**Given records**.

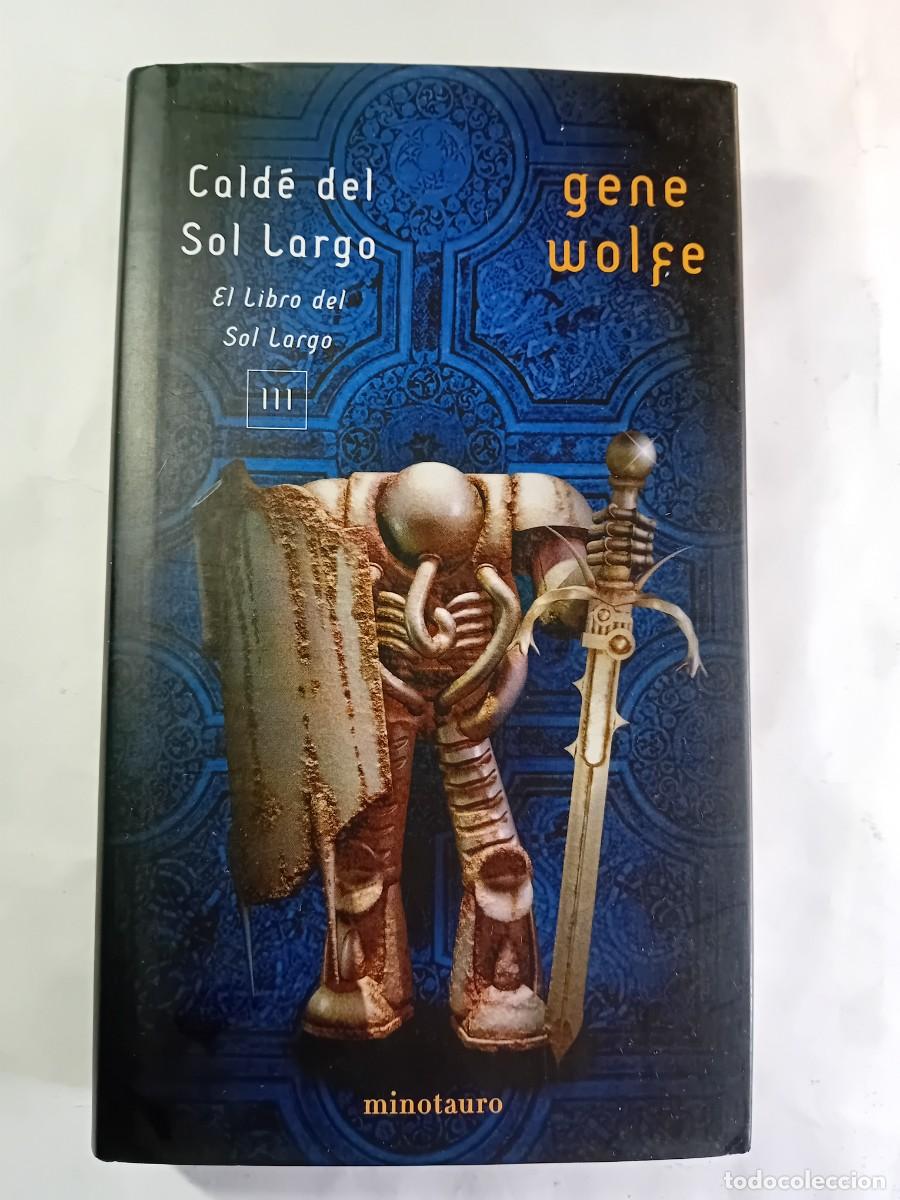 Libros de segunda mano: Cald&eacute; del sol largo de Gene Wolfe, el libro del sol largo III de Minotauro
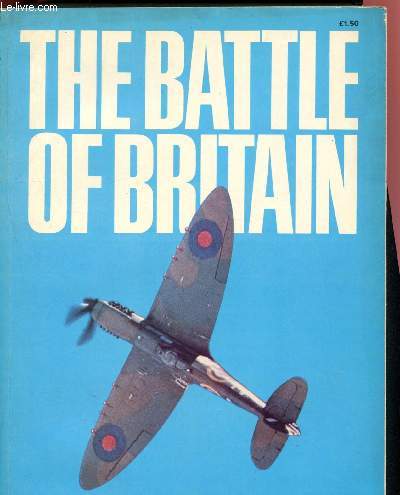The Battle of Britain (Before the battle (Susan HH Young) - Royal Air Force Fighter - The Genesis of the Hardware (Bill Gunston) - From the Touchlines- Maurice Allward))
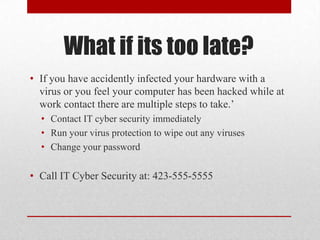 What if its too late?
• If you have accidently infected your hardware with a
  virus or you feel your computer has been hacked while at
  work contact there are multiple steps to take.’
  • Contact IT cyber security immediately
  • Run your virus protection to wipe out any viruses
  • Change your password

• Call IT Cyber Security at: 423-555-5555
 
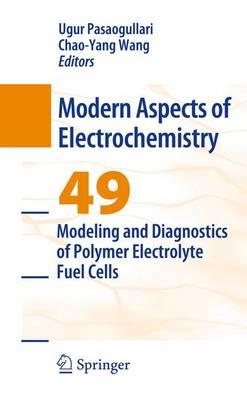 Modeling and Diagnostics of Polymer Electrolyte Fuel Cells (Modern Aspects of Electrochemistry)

* * *

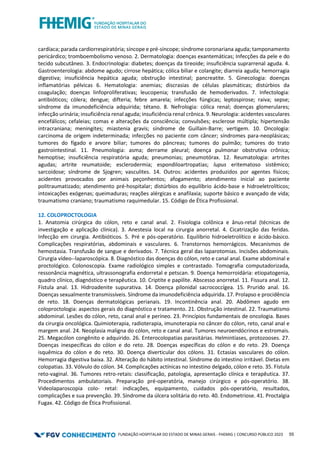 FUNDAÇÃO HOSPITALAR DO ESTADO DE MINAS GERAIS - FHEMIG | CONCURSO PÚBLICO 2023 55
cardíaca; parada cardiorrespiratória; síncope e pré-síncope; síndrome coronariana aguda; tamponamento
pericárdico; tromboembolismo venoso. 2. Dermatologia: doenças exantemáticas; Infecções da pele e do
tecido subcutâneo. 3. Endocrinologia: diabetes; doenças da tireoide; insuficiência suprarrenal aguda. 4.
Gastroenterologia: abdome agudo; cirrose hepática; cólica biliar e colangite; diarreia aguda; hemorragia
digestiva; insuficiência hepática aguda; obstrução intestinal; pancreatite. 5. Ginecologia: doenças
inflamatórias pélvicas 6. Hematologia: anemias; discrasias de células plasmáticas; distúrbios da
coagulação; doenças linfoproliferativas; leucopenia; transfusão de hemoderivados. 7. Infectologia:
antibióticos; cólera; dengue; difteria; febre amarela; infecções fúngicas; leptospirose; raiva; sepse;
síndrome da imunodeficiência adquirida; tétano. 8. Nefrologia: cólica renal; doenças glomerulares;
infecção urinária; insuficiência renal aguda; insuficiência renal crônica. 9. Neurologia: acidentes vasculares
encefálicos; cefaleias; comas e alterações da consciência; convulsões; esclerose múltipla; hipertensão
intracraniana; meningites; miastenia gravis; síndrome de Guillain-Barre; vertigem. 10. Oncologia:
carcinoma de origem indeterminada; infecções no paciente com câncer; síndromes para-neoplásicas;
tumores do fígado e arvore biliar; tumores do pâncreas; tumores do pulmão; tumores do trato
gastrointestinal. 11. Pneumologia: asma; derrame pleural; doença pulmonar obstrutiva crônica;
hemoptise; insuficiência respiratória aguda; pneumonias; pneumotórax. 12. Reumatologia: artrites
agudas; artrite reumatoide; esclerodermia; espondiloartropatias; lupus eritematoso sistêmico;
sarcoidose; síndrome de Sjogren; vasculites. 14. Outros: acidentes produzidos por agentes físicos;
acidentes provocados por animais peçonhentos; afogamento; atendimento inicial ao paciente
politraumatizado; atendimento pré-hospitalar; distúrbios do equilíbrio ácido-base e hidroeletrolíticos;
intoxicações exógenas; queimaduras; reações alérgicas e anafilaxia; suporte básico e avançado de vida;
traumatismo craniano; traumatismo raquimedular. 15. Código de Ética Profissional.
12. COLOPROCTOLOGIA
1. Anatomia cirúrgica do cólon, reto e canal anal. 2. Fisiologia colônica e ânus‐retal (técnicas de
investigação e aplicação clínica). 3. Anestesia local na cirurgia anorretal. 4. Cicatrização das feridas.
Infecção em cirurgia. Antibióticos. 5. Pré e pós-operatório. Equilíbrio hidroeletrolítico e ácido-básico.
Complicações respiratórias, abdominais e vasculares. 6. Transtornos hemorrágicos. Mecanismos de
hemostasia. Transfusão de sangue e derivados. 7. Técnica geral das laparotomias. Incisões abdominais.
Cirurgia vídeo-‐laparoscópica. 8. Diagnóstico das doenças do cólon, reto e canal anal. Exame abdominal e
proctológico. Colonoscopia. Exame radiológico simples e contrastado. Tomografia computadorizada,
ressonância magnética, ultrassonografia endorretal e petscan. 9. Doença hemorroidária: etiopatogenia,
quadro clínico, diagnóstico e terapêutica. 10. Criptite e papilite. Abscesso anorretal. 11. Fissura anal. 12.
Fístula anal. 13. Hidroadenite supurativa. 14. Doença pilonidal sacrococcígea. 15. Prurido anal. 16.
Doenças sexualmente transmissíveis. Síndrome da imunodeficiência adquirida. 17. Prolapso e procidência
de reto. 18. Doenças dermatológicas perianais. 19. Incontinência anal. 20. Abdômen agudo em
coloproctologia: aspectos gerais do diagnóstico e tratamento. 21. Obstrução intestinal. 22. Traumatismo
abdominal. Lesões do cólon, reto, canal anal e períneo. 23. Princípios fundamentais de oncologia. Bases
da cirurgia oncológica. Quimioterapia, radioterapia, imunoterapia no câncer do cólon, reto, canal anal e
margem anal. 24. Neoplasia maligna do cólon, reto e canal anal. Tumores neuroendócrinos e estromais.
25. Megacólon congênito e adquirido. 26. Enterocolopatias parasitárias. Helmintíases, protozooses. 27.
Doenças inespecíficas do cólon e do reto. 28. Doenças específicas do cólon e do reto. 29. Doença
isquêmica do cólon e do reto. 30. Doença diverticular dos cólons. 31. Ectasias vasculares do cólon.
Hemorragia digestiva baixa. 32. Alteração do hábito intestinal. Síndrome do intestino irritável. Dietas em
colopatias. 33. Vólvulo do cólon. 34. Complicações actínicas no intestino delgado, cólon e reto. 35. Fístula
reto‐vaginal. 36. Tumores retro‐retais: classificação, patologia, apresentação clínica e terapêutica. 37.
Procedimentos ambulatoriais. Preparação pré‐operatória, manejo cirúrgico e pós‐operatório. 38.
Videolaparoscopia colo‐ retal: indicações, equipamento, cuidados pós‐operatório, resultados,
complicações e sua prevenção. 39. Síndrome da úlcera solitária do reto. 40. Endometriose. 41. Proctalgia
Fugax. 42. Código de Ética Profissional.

**Exercise brief**. Each line of the data that has the string "digestiva" should be returned.

**Task result**.
digestiva; insuficiência hepática aguda; obstrução intestinal; pancreatite. 5. Ginecologia: doenças
Hemorragia digestiva baixa. 32. Alteração do hábito intestinal. Síndrome do intestino irritável. Dietas em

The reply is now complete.